# ABOUT THIS TASK
An exact, word-for-word copy of the entries is required, beginning at the line that contains "鹦鹉丢了怎么找回来？教你有效的寻找和呼唤技巧" and ending at the last line, both included.
[DATASET — start]
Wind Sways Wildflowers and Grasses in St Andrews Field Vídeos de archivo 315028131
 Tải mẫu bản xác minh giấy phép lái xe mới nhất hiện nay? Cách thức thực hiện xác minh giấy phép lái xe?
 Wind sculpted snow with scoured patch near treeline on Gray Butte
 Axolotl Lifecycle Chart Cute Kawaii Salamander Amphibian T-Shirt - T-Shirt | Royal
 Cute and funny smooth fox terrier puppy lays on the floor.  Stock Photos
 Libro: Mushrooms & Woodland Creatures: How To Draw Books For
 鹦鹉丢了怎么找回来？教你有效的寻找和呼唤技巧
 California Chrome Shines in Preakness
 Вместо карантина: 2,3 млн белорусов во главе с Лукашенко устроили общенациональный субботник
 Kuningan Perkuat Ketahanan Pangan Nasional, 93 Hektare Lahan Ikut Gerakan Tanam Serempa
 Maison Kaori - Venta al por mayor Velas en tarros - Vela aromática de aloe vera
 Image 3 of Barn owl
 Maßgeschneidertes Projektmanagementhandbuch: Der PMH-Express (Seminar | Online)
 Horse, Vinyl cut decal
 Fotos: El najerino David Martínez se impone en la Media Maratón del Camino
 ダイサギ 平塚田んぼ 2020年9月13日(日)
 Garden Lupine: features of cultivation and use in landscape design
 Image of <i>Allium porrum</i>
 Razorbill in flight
[DATASET — finish]
# ANSWER TO THE EXERCISE
 鹦鹉丢了怎么找回来？教你有效的寻找和呼唤技巧
 California Chrome Shines in Preakness
 Вместо карантина: 2,3 млн белорусов во главе с Лукашенко устроили общенациональный субботник
 Kuningan Perkuat Ketahanan Pangan Nasional, 93 Hektare Lahan Ikut Gerakan Tanam Serempa
 Maison Kaori - Venta al por mayor Velas en tarros - Vela aromática de aloe vera
 Image 3 of Barn owl
 Maßgeschneidertes Projektmanagementhandbuch: Der PMH-Express (Seminar | Online)
 Horse, Vinyl cut decal
 Fotos: El najerino David Martínez se impone en la Media Maratón del Camino
 ダイサギ 平塚田んぼ 2020年9月13日(日)
 Garden Lupine: features of cultivation and use in landscape design
 Image of <i>Allium porrum</i>
 Razorbill in flight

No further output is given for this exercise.